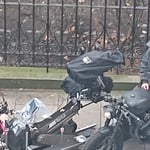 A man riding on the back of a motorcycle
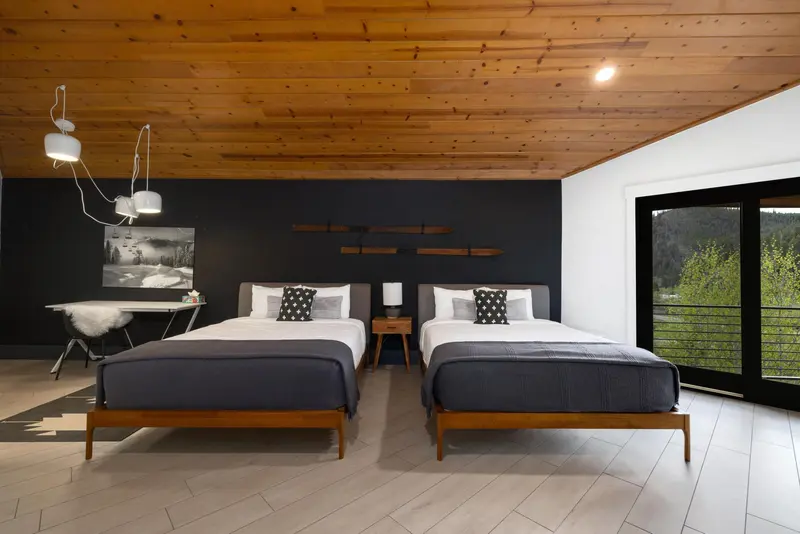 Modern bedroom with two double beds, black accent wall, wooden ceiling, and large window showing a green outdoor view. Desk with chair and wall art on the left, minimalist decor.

===

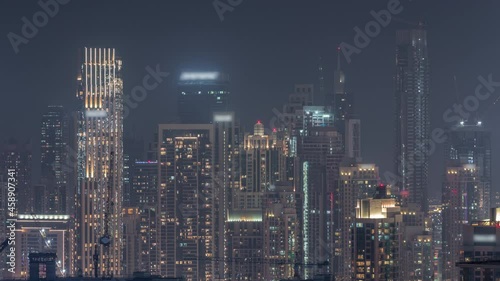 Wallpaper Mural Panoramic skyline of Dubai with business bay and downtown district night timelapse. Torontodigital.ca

===

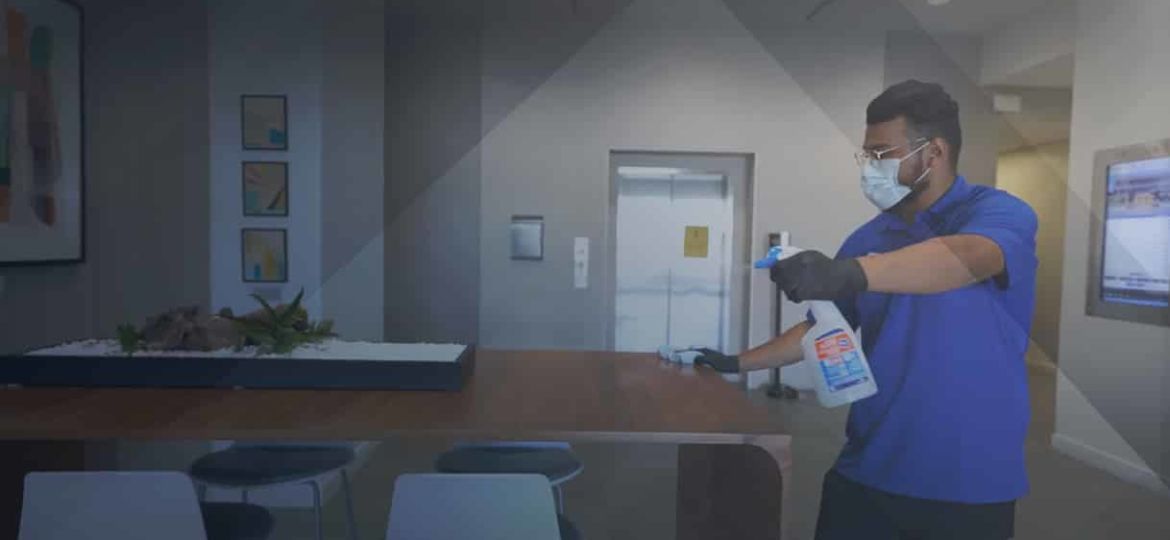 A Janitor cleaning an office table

===

EXERCISE DESCRIPTION: Only the lines above from the one with "A man riding on the back of a motorcycle" to the one with "Modern bedroom with" should be printed, both included and exactly as written; no picture belongs in the copy.

SOLUTION FOR THIS TASK:
 A man riding on the back of a motorcycle
 Modern bedroom with two double beds, black accent wall, wooden ceiling, and large window showing a green outdoor view. Desk with chair and wall art on the left, minimalist decor.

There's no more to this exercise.